Petersen sees the selection of these stones the most human and therefore most godly moment in all that was swirling around him. Choosing what was useful out of God’s creation, David prepared what was necessary for what needed to be done. Petersen also wrote a book, Five Smooth Stones for Pastoral Work and identified the five stones as prayer-directing, story-making, pain-sharing, nay-saying, and community building. David did not have time for these. He rushes to the battle line, endures Goliath’s withering threats, and retorts by declaring what no one else had remembered, that as small as he was, God was with him, and this was God’s moment.

 

Oh, and there was that intriguing little episode when Saul tried to put his armour onto David and it was way too big, too heavy and awkward. Sort of like the Peanuts cartoon when the mother dresses up Charlie Brown to go out to play in the cold and snow, and then he cannot move. David has to find a graceful way of declining the king’s armour and going virtually naked into battle, “just as I am,” carrying only five smooth stones, a sling shot, and the confidence in and presence of a God who was not too small.

 

While everyone else on both sides of the valley was standing there paralyzed, in overconfidence on one side and in desperate fear on the other, David ran towards Goliath. While Israel was ashamed and embarrassed that a teenager was being asked to perform a great man’s work, David was proud of his God and knew that there was really no other god out there, and he ran towards Goliath. While there was a giant of a man standing in his way, David knew Goliath was only a man and he was a man alone with no gods to help him, and David ran towards Goliath. Israel was afraid of Goliath’s size and thought they were doomed, but David knew the bigger they are... the harder they fall, and so David ran towards Goliath. As he was running, he reached into his bag and pulled out one smooth stone and in the twinkling of an eye, Goliath twinkled his last eye.

 

While few deny that this is the greatest of all children’s Biblical stories, there are those who say it is too violent for children to hear. Yes, violent in exactly the same language and images that we watch on TV almost every night; are we trying to hide the ugliness of the world from our children like one of those old fairy tales?  David was no fairy tale character, and many of his later actions prove that he was no angel.

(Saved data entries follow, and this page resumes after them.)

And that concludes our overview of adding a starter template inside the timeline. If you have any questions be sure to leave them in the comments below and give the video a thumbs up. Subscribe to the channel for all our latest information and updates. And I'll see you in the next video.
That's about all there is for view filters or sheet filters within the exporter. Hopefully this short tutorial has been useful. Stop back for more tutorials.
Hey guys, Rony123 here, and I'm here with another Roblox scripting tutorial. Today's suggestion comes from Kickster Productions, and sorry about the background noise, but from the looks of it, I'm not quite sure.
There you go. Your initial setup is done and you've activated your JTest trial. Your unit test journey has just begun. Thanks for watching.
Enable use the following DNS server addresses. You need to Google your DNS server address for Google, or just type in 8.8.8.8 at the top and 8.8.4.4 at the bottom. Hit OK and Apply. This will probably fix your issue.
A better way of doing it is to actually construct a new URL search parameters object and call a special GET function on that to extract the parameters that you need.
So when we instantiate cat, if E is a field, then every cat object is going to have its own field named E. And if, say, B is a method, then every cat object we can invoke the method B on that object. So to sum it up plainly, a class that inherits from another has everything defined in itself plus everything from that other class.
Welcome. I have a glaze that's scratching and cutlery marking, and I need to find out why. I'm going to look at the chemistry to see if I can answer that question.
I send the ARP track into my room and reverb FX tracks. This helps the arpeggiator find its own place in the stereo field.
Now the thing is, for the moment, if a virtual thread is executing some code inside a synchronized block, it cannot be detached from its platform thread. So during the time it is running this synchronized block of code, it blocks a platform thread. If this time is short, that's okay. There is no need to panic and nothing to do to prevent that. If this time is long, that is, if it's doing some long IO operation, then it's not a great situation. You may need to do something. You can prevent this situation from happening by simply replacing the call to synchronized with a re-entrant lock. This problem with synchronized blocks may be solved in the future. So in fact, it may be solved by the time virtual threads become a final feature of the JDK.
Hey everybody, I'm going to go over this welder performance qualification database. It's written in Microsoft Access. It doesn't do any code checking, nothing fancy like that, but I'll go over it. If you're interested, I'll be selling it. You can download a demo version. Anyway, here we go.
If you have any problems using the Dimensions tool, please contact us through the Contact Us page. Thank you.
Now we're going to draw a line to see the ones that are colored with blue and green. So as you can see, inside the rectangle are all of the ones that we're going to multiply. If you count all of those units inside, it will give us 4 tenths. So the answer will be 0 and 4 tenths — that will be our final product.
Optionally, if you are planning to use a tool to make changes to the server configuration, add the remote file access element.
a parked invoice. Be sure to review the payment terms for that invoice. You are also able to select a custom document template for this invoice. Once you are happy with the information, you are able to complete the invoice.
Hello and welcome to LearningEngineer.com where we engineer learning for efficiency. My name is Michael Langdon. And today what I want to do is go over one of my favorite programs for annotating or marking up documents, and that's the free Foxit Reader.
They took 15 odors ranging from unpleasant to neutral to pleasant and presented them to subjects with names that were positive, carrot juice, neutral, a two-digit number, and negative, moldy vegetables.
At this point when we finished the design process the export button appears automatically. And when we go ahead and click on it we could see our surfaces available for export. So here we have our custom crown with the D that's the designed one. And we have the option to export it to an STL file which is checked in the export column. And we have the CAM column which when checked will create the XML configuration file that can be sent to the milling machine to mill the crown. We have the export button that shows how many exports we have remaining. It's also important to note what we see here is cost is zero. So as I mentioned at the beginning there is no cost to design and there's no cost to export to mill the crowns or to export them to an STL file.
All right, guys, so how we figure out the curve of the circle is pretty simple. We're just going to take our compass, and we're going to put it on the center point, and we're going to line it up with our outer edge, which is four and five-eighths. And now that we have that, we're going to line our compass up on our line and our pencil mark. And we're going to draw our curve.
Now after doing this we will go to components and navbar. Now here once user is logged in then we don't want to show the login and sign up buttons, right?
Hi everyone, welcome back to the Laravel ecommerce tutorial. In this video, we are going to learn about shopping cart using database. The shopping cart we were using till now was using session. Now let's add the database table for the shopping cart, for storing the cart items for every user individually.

Yet, when he was possessed by God, David was the most real human being around. He acted as if there was a God present who insisted upon love and justice. Actually, David never thought “as if.”

 

Children love the story intuitively because here was someone small defeating someone big. Don’t try to explain it away or water down what happened. We need to keep in mind that when God is with you, when you know and feel and are possessed by God, there is nothing that big that we cannot defeat. What we have to do is talk again as if God exists and matters, and then make our decisions using the spirit, mind and body God has graced us with, and finally to act as if God is powering us from inside. That includes not only our families and friends and jobs and the ministry of this church, but also that obscene violence of humanity against humanity on the nightly news where the word of God is scarcely breathed. No sense, by the way, in “as if” when there is a Goliath standing in our way.